But the promise of the cloud, especially in the research situation where you have a, you don't have a consistent spend, it's based on something you discovered or some, some funding you got, um, the opportunity is always there. So like the, the new thing comes in that you want to do and you're like, great, let's just like pull in more compute from our cloud providers.

And so for many companies. It's worth, um, you know, potentially experiencing an operational, you know, cost increase to be able to get the opportunity, opportunity, um, you know, out of it. And, um, and so I think that's where a lot of companies are now, like, it's like, I would rather spend money on this kind of engineer than this other kind of engineer because they can do more than just the one thing.

And so if I can get out of the data center, then I don't need as many of those certain kind of people. And I can get more of this other kind of person, um, which again is very strategic, um, and potentially tactical for, for companies.
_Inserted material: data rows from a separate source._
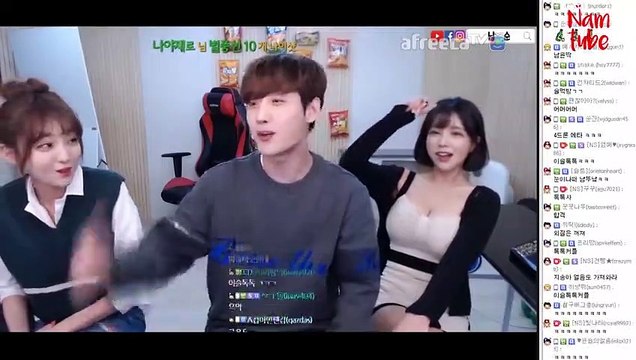 부여출장안마 #C# 후불100%ョ｛Ø7Ø↔8782↔38ØØ카톡FK88｝부여전지역출장마사지부여출장안마부여출장마사지'24시출장샵'ぬ'출장업소1위'출장마사지'만족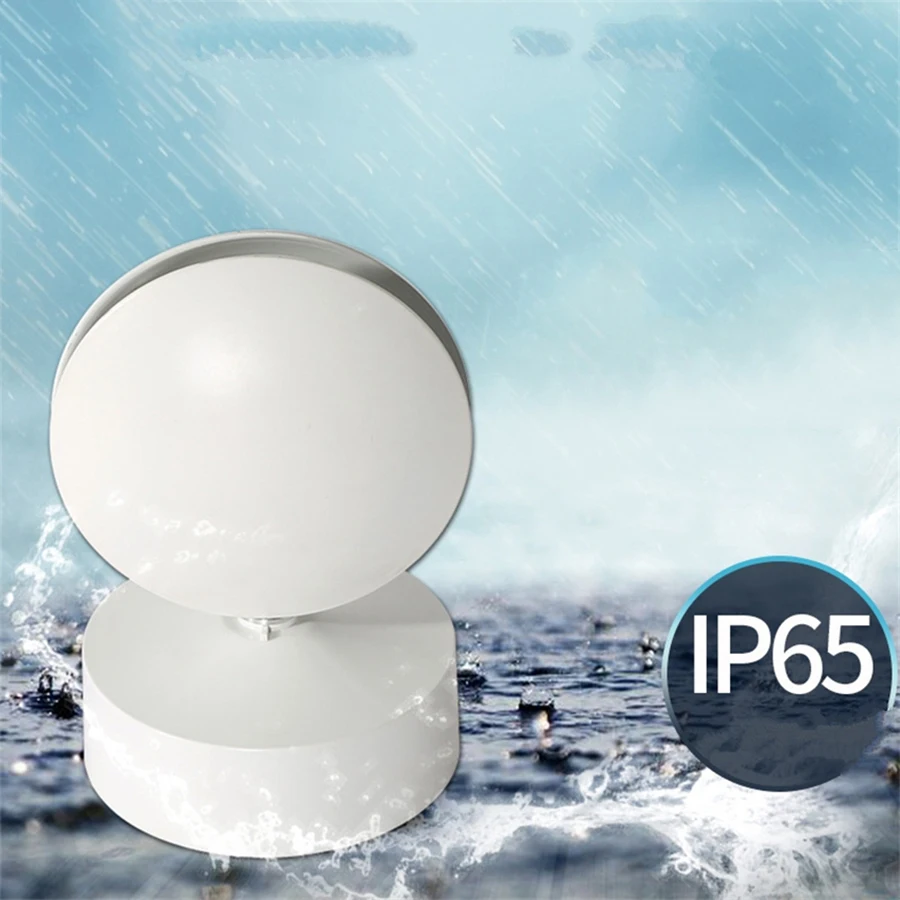 LED-Window-Wall-Lamp-360-Degree-Annular-Contour-Lamp-LED-Corridor-Lights-Building-Contour-Line-Lights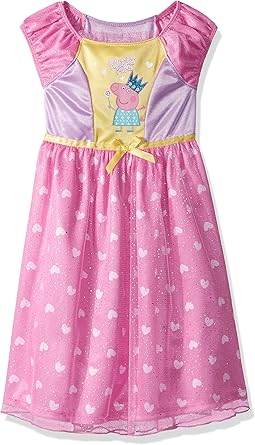 peppa pig dress amazon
Greg Alhiem: Yeah. I don't, you know, I, I, I wonder, um, as. As a company or a business or a government entity adopts a public cloud, if they've had things in their data center, I love what you were saying about, um, their growth is exponential because it's not as if, um, they just grew there because they, they, um.

You know, they moved things there. They, they grew there oftentimes because a lot more opportunity for services that are built in, made it to a platform. Um, or, you know, some, some, some use case drove a lot of data, right. Into those environments.
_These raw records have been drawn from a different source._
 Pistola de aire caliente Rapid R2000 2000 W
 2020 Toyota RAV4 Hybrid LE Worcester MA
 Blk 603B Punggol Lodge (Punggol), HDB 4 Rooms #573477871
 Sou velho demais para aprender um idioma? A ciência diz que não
Lukas Karlsson: Yeah. I think the, the thing. That happens so much, um, which people don't think of is you have this, whatever it is in your business that you're doing.

And you're like, wow, we're putting so many resources into accomplishing this task or this outcome. And, um, it seems like, you know, we could just automate it and then make it go away. And so you automate it, which is great. Like doing it becomes insanely easier, you know, like to the point where. It's almost not hard to do at all.

It's, it's seamless at that point. Um, and then suddenly you realize everyone wanted to be able to do that all along. And the reason they weren't doing it was cause it was tedious before and slow and unreliable. So you thought you were going to just like make this thing disappear from your view. And then suddenly it's become a big, a big service that you have to support.

And, um, that's how it works. Like. You know, when a service doesn't exist, obviously no one's using it because you're not even offering it. And when you're offering it poorly, like some people are like, yeah, I guess I want that, but I don't necessarily want to jump through all these hoops. And then when you offer it really well, everyone's like, yeah, I always want that now.

And so the same with cloud, like. You know, you had your data center, that was just how it was and people were like, I wish I could do all this amazing stuff, but I can't because we don't have the resources, so they don't and suddenly you take away that constraint and it's like, wow, all the stuff we could have been doing all along.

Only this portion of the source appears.